> EXERCISE AIM
Restate word for word the line containing "Декоративная отделка фасада" and all remaining lines of the entries below.

> EXERCISE INPUT
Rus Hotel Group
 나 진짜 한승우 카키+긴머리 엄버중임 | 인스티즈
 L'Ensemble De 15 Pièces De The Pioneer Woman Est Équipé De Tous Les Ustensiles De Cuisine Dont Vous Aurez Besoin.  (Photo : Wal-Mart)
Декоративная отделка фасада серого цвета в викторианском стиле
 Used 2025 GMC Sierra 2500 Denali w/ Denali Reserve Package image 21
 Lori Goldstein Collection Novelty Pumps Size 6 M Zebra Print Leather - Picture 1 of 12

> SOLUTION TO THIS TASK
Декоративная отделка фасада серого цвета в викторианском стиле
 Used 2025 GMC Sierra 2500 Denali w/ Denali Reserve Package image 21
 Lori Goldstein Collection Novelty Pumps Size 6 M Zebra Print Leather - Picture 1 of 12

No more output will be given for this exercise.